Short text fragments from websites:
====

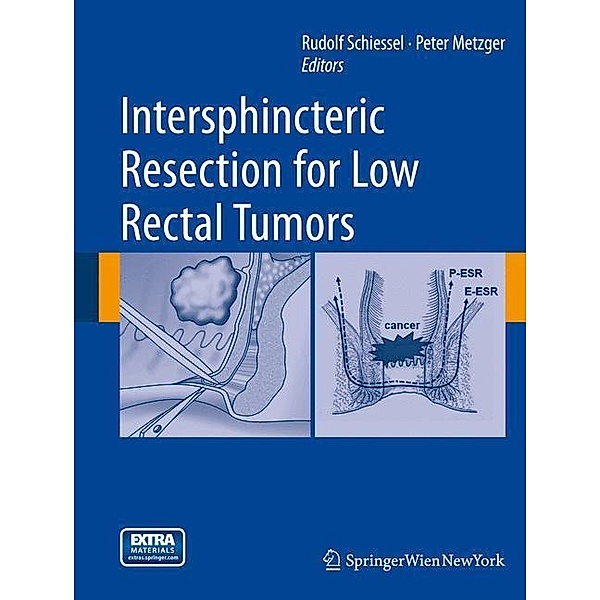 Intersphincteric Resection for Low Rectal Tumors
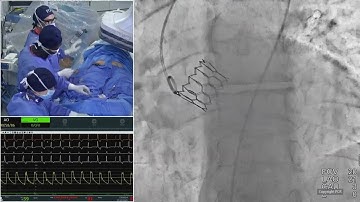 Myval THV series - Optimise patient outcomes with novel design, data and daily clinical practice
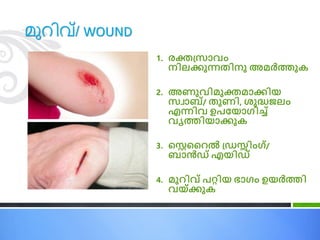 മുറിവ്/ WOUND
1. രക്തപ്സാവ്ം
നിലക്കുന്നതിനു അമര്‍ത്തുക
2. അണുവ്ിമുക്തമാക്കിയ
സവാബ്/ തുണി, ശുദ്ധജലം
എന്നിവ് ഉെണ്യാഗ്ിച്ച്
വ്ൃതിയാക്കുക
3. പെവൈല്‍ പ്രസ്ിംഗ്്/
ബാന്‍ര് എയിര്
4. മുൈിവ്് െറ്റിയ ഭാഗ്ം ഉയര്‍ത്തി
വ്യ്ക്കുക
 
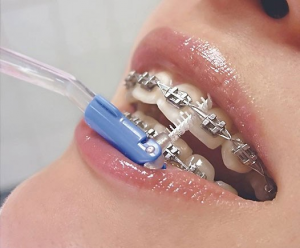 Віск для брекетів - можливо кращий сайт про лікування зубів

====

What is expected: Each entry must be reproduced word for word, and any image among them left out.

Response for this exercise:
 Intersphincteric Resection for Low Rectal Tumors
 Myval THV series - Optimise patient outcomes with novel design, data and daily clinical practice
 മുറിവ്/ WOUND
1. രക്തപ്സാവ്ം
നിലക്കുന്നതിനു അമര്‍ത്തുക
2. അണുവ്ിമുക്തമാക്കിയ
സവാബ്/ തുണി, ശുദ്ധജലം
എന്നിവ് ഉെണ്യാഗ്ിച്ച്
വ്ൃതിയാക്കുക
3. പെവൈല്‍ പ്രസ്ിംഗ്്/
ബാന്‍ര് എയിര്
4. മുൈിവ്് െറ്റിയ ഭാഗ്ം ഉയര്‍ത്തി
വ്യ്ക്കുക
 
 Віск для брекетів - можливо кращий сайт про лікування зубів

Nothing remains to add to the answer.